Несколько позже солдаты стали делать обходы жилых помещений и отбирать понравившиеся им вещи у жильцов. Обычно никто не возражал против их действий. Одесситы были к этому подготовлены. Что они могли противопоставить действиям власти?
Затем грабежи прекратились, солдаты перестали обходить квартиры. Среди жильцов были разговоры, что им запретили это делать.
Первоначально румыны планировали разместить свой штаб на Маразлиевской, в здании НКВД. В первые же дни оккупации они стали там располагаться.
Здание было заранее заминировано нашими чекистами совместно с саперами. Крупнейшая партизанская операция по взрыву этого здания, в котором находились более полусотни высших румынских офицеров и сотни солдат, произошла через неделю после начала оккупации.

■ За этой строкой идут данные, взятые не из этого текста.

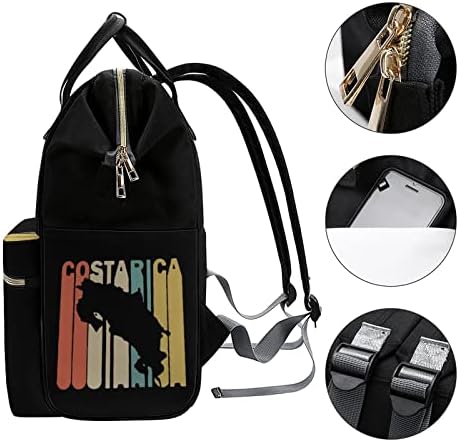 Retro Style Costa Rica silhueta Backpack Backpack de grande capacidade Bolsa de viagem à prova d'água Mommy Bag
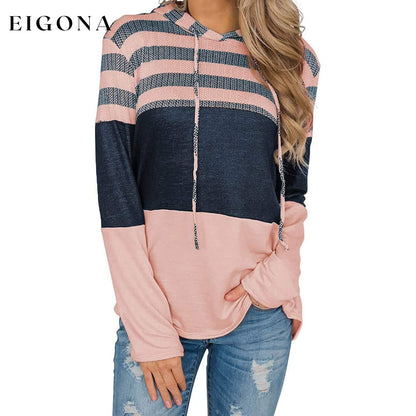Women Long Sleeve Striped Color Block Casual Hoodies Light Pink __stock:500 clothes refund_fee:1200 tops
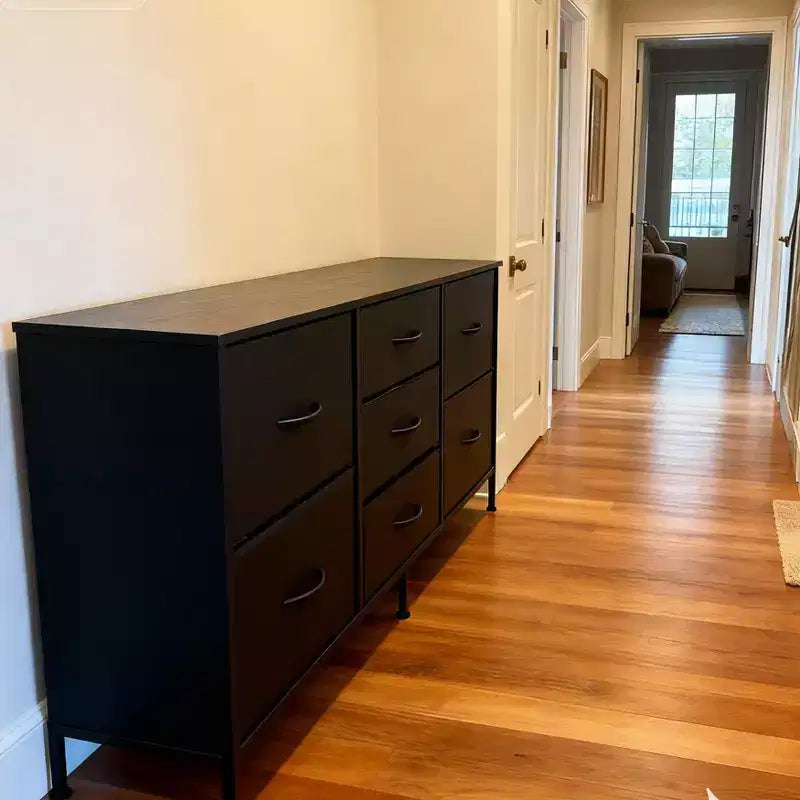 Commode à 7 tiroirs avec plateau en bois et cadre en métal, Armoire de rangement à tiroirs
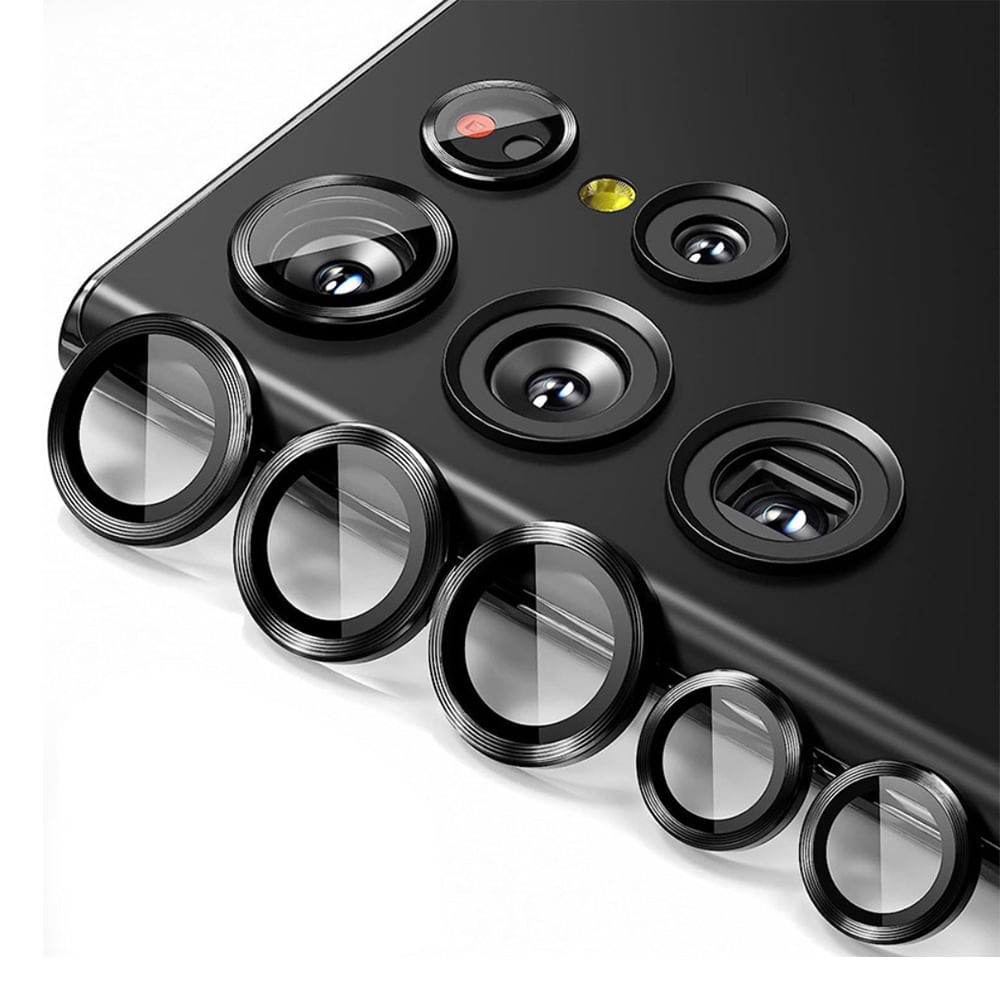 Protector de cámara para Samsung Galaxy S25 Ultra, borde negro, vidrio
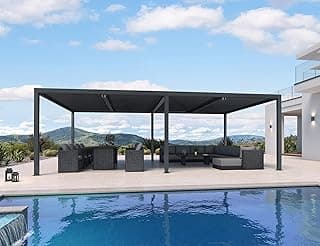 PURPLE LEAF 14' x 24' Louvered Pergola 94AS Modern Oversize Aluminum Gazebo with Adjustable Roof for Patio Deck Backyard Plus Size Gray Pergola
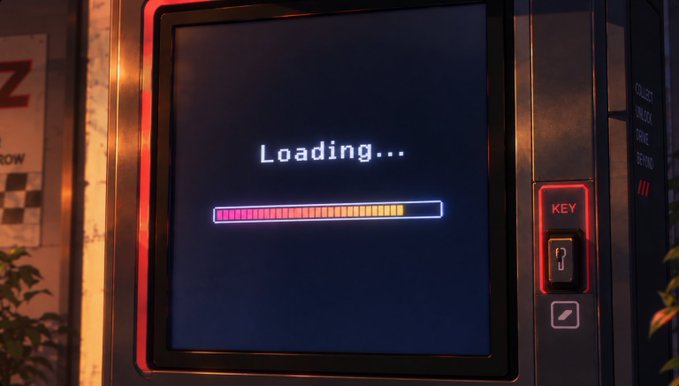 A close-up of an electronic kiosk screen displaying the word 'Loading...' above a progress bar that is mostly filled with yellow and orange segments. The device features a metallic frame illuminated by red lighting, with a 'KEY' button and an edit icon on the right panel.
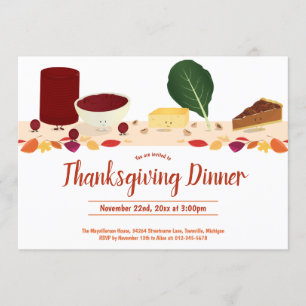 Thanksgiving Middagsleende Mat Tecknad Löv Inbjudningar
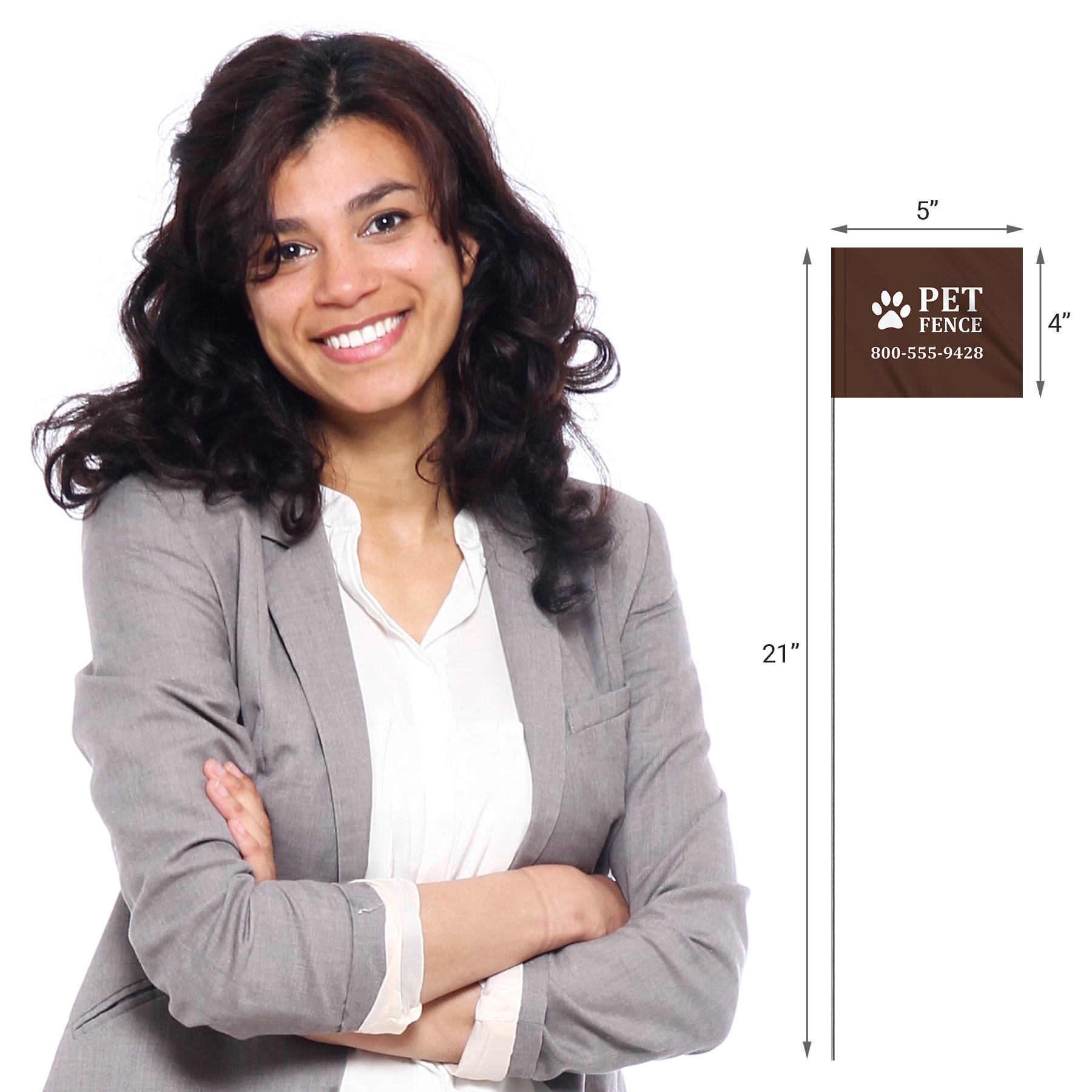 1-Color 4" x 5" Custom Vinyl Marking Flag with 21" Wire 19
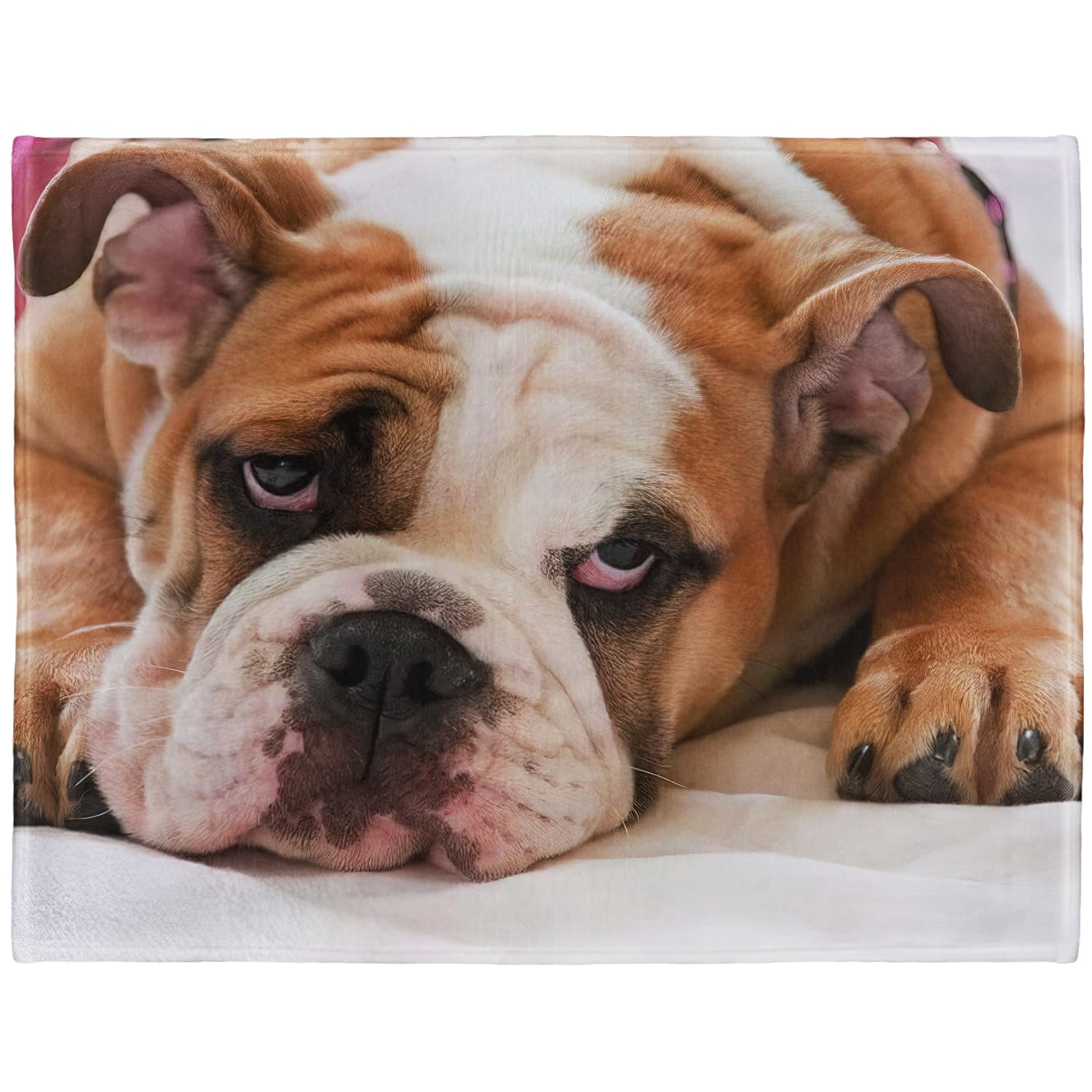 YISUMEI - Soft Fleece Blanket - English Bulldog, 125 x 150 cm Throw Suitable for Sofa or Bed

За этот террористический акт одесситы поплатились жизнями более, чем 20 000 ни в чем не повинных жителей города. За каждого убитого офицера расстреляли 200 жителей-заложников, а за солдата – 100. После этого, партизаны не рисковали убивать румынских солдат и офицеров. Долго проводились облавы и расстрелы…
Электроэнергия подавалась нечасто, но бесплатно. Когда света не было, зажигали керосиновые лампы или свечи. Те, у кого и этого не было, сидели в темноте. Такие неудобства на голодный желудок мало кого беспокоили.
При наступлении комендантского часа на темных улицах солдаты переставали петь о горевавшем в Москве Сталине и изредка постреливали от страха, а может чтобы попугать. Папа в темноте курил махорку, и огонек самокрутки светился ночью всегда, когда я просыпался.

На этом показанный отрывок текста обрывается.